DIRECTIONS FOR THIS TASK: Each line of the listing that includes the string "Package" needs to be located and copied.

LISTED ENTRIES:
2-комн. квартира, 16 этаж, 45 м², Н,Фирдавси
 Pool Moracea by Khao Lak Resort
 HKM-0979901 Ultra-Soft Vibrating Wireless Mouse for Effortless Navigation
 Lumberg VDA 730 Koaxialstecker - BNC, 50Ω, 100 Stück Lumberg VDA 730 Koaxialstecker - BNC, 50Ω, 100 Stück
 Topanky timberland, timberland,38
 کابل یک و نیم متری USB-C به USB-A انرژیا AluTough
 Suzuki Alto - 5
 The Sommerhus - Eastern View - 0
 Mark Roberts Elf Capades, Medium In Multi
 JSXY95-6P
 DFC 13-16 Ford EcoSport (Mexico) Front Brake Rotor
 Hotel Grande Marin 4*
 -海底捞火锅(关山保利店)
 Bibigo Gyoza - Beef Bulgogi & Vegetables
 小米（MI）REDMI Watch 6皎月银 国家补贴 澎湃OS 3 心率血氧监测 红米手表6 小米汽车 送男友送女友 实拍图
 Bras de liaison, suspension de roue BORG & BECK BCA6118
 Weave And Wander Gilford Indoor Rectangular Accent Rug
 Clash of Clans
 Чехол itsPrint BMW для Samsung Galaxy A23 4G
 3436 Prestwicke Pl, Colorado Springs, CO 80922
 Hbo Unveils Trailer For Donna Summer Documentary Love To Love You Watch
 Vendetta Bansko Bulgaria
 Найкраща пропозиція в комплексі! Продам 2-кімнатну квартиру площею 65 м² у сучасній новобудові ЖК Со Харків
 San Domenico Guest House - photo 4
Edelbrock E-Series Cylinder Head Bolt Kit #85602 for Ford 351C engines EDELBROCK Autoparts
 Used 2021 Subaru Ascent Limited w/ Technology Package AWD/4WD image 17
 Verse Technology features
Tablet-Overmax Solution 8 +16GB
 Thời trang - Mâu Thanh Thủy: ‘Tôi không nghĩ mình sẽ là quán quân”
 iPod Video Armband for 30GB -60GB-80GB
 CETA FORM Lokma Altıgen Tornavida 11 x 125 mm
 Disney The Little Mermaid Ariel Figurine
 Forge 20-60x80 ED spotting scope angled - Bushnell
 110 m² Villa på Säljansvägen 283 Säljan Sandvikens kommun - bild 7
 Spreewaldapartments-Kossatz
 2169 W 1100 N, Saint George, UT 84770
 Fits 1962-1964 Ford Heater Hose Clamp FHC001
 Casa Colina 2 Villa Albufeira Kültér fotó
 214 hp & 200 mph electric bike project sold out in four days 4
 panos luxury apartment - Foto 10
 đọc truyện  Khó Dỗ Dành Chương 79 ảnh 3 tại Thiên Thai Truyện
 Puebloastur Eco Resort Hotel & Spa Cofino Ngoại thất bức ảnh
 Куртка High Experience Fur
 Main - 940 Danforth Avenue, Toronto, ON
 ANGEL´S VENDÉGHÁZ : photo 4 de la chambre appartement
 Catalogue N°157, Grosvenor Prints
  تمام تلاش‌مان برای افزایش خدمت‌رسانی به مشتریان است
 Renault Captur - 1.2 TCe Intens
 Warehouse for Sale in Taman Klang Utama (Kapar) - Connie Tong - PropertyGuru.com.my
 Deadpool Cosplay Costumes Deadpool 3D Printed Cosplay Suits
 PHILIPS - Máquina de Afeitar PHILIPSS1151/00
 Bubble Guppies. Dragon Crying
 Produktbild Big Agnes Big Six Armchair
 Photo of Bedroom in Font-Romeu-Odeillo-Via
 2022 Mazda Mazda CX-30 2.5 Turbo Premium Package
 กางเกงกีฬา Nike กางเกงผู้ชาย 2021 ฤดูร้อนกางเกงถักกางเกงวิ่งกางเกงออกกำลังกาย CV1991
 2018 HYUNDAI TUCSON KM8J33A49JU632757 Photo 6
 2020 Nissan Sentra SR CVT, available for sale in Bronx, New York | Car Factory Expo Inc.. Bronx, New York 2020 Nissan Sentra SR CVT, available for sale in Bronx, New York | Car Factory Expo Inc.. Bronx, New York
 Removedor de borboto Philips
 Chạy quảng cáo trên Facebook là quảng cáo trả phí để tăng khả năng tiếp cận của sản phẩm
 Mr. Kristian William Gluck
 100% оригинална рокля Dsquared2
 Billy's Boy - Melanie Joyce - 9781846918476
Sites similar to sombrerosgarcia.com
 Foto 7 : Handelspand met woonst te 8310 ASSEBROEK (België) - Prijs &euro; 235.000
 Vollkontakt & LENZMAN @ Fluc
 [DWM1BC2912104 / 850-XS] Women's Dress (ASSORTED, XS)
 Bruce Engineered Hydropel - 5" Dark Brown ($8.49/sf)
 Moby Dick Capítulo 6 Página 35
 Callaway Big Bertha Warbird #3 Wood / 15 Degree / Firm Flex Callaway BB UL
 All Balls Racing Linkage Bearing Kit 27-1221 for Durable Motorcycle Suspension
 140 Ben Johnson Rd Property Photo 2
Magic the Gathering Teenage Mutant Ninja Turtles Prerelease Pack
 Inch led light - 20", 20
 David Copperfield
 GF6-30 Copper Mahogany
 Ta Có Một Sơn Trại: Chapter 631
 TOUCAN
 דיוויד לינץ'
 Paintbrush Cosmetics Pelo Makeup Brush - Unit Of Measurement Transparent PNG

ANSWER BOX:
 Used 2021 Subaru Ascent Limited w/ Technology Package AWD/4WD image 17
 2022 Mazda Mazda CX-30 2.5 Turbo Premium Package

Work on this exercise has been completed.